=== Listed entries ===

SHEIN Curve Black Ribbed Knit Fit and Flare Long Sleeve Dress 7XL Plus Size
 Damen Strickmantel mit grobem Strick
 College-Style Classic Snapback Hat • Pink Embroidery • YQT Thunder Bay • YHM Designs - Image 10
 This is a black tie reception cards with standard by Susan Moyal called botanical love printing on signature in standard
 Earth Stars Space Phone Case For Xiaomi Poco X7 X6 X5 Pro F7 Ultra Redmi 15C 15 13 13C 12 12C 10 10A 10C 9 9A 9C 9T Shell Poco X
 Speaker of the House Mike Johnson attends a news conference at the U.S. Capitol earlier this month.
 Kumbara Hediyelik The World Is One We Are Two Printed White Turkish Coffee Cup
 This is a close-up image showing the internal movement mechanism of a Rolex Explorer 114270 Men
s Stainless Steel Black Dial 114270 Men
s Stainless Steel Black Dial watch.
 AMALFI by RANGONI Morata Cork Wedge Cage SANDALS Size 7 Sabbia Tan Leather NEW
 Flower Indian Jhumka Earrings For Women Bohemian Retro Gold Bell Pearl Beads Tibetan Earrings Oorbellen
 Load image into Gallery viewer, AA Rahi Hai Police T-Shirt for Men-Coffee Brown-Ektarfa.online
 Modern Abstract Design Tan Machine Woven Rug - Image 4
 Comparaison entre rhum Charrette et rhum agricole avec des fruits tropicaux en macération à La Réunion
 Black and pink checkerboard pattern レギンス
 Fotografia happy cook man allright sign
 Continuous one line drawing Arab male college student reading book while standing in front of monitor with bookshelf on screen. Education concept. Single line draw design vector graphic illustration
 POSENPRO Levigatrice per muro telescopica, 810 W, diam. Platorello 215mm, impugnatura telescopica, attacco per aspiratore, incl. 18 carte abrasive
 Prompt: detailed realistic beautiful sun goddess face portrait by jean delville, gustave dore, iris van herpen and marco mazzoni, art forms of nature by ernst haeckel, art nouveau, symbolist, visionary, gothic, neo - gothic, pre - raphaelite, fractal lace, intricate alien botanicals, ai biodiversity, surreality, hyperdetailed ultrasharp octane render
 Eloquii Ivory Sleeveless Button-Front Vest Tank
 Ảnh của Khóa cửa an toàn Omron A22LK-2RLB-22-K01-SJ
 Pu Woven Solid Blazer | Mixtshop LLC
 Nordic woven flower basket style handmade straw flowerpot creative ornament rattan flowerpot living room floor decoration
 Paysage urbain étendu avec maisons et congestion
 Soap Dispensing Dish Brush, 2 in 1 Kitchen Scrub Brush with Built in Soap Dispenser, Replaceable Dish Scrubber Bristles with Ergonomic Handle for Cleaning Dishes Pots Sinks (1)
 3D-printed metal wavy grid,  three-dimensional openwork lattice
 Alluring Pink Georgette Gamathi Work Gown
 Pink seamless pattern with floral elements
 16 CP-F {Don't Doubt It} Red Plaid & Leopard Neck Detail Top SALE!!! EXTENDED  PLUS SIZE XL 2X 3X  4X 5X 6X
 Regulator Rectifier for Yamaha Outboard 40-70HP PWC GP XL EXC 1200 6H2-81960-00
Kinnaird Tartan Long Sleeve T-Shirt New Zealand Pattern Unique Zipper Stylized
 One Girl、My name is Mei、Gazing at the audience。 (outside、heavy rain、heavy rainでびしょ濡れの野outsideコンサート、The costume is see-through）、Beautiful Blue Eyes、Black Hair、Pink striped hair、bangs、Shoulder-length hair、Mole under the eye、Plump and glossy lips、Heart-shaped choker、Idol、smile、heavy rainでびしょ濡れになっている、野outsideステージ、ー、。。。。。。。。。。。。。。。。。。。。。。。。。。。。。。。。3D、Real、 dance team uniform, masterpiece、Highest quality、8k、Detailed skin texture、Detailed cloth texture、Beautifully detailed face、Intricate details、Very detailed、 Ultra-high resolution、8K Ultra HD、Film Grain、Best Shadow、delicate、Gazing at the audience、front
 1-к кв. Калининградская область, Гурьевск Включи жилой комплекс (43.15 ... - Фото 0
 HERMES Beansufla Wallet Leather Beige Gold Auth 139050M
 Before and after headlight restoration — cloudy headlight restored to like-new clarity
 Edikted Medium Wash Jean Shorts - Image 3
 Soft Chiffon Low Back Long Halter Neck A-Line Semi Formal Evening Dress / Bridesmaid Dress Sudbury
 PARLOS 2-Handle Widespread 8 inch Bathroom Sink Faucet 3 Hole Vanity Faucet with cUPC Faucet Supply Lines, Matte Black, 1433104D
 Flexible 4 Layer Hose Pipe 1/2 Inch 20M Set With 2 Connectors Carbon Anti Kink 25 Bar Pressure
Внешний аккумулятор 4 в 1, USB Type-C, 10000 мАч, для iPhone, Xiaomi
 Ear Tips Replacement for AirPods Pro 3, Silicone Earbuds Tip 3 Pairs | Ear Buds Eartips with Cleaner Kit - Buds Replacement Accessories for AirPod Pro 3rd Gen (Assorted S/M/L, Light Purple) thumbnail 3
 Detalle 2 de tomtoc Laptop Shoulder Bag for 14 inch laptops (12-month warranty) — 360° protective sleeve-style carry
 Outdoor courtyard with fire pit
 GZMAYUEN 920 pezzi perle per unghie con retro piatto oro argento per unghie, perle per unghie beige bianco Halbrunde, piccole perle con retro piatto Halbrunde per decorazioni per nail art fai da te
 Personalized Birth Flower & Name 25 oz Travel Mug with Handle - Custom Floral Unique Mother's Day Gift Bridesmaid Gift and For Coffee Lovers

===

### Task to carry out
Using the records above, copy word for word the line with "Continuous one line", the line with "Kinnaird Tartan Long", and every line between them.

### Response to this task
 Continuous one line drawing Arab male college student reading book while standing in front of monitor with bookshelf on screen. Education concept. Single line draw design vector graphic illustration
 POSENPRO Levigatrice per muro telescopica, 810 W, diam. Platorello 215mm, impugnatura telescopica, attacco per aspiratore, incl. 18 carte abrasive
 Prompt: detailed realistic beautiful sun goddess face portrait by jean delville, gustave dore, iris van herpen and marco mazzoni, art forms of nature by ernst haeckel, art nouveau, symbolist, visionary, gothic, neo - gothic, pre - raphaelite, fractal lace, intricate alien botanicals, ai biodiversity, surreality, hyperdetailed ultrasharp octane render
 Eloquii Ivory Sleeveless Button-Front Vest Tank
 Ảnh của Khóa cửa an toàn Omron A22LK-2RLB-22-K01-SJ
 Pu Woven Solid Blazer | Mixtshop LLC
 Nordic woven flower basket style handmade straw flowerpot creative ornament rattan flowerpot living room floor decoration
 Paysage urbain étendu avec maisons et congestion
 Soap Dispensing Dish Brush, 2 in 1 Kitchen Scrub Brush with Built in Soap Dispenser, Replaceable Dish Scrubber Bristles with Ergonomic Handle for Cleaning Dishes Pots Sinks (1)
 3D-printed metal wavy grid,  three-dimensional openwork lattice
 Alluring Pink Georgette Gamathi Work Gown
 Pink seamless pattern with floral elements
 16 CP-F {Don't Doubt It} Red Plaid & Leopard Neck Detail Top SALE!!! EXTENDED  PLUS SIZE XL 2X 3X  4X 5X 6X
 Regulator Rectifier for Yamaha Outboard 40-70HP PWC GP XL EXC 1200 6H2-81960-00
Kinnaird Tartan Long Sleeve T-Shirt New Zealand Pattern Unique Zipper Stylized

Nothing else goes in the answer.